Provision for Income Taxes

The Company’s effective tax rate is below the 35 percent U.S. statutory tax rate primarily due to tax benefits associated with being a REIT and like-kind exchange (“LKE”) transactions. Third quarter tax rates before discrete items were 25.2 percent and 14.3 percent in 2009 and 2008, respectively. Year-to-date effective tax rates before discrete items were 22.1 percent and 15.5 percent in 2009 and 2008 respectively. The increased rates in 2009 were due to proportionately higher earnings from the Company’s taxable REIT subsidiary. REIT income not subject to tax decreased the tax rates (from the statutory rate) by 13.0 percent and 19.7 percent for the nine months ending September 30, 2009 and 2008, respectively.

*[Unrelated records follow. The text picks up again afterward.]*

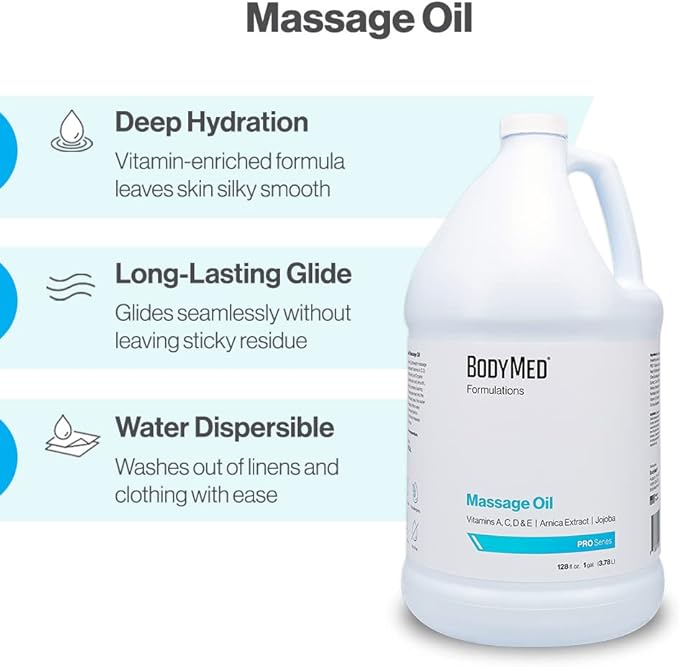 BodyMed Formulations Massage Oil, 5 gal. – Fragrance-Free, All-Natural Oil for Massage Therapy – Leaping Bunny Certified – with Arnica Extract & Jojoba – Non-Staining, & Paraben Free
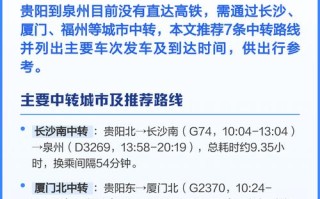 贵阳到福建高铁票价多少？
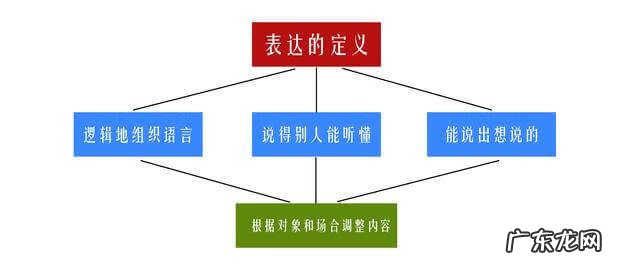 如何培养自己的表达能力 怎样培养表达能力
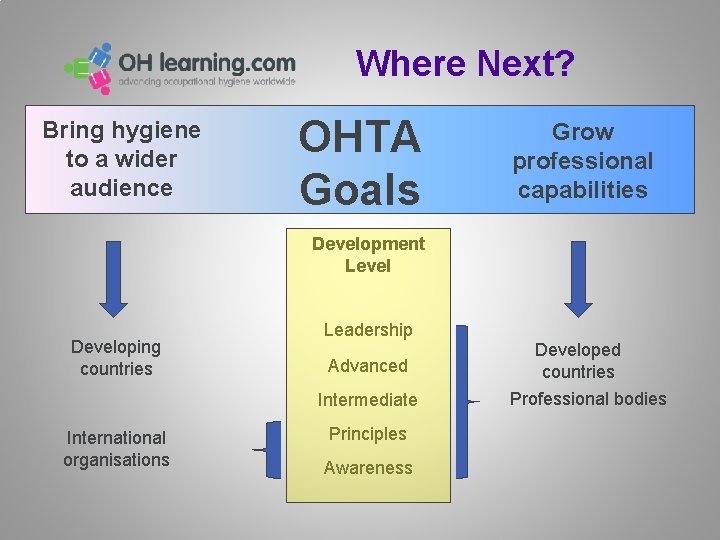 Where Next? Bring hygiene to a wider audience OHTA Goals Grow professional capabilities Development Where Next? Bring hygiene to a wider audience OHTA Goals Grow professional capabilities Development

Including discrete items, the effective tax rates for the quarter and year-to-date were 17.8 percent and 14.6 percent compared to 23.0 percent and 17.9 percent in 2008, respectively. In the third quarter of 2008, the Company recorded discrete tax items primarily related to the Company’s decision to offer its New Zealand operations for sale.

Uncertain Tax Positions

In accordance with the provisions related to accounting for uncertainty in income taxes, the Company recognizes the impact of a tax position if the position is “more likely than not” to prevail upon examination by the IRS. At September 30, 2009 and December 31, 2008, the Company’s liability was $18.1 million and $3.9 million, respectively. The increase reflects changes as a result of the uncertain positions taken or expected to be taken during the current year and IRS’ examination of tax years 2005 and 2006.

 

6.

RESTRICTED DEPOSITS

For certain real estate sales to qualify for LKE treatment, the sales proceeds must be deposited with a third party intermediary and accounted for as restricted cash until qualifying replacement property is acquired. In the event that LKE purchases are not completed, the proceeds are returned to the Company and reclassified as cash after 180 days. As of September 30, 2009 and December 31, 2008, the Company had $0.2 million and $1.5 million, respectively, of proceeds from real estate sales classified as restricted cash in Other Assets, which were on deposit with an LKE intermediary.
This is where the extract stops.